Given records:
=== Begin Enclosure ===
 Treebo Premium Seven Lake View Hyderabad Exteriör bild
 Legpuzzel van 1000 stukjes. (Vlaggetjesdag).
=== End Enclosure ===
=== Begin Enclosure ===
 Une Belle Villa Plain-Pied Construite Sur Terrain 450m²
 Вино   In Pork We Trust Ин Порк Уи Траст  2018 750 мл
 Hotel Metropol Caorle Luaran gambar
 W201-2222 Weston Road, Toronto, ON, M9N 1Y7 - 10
=== End Enclosure ===
Exercise:
In the listing above, start at the line with "Treebo Premium Seven", go on through the line with "Legpuzzel van 1000 stukjes. (Vlaggetjesdag).", and copy each of those lines exactly; leave out all the rest.

The answer:
 Treebo Premium Seven Lake View Hyderabad Exteriör bild
 Legpuzzel van 1000 stukjes. (Vlaggetjesdag).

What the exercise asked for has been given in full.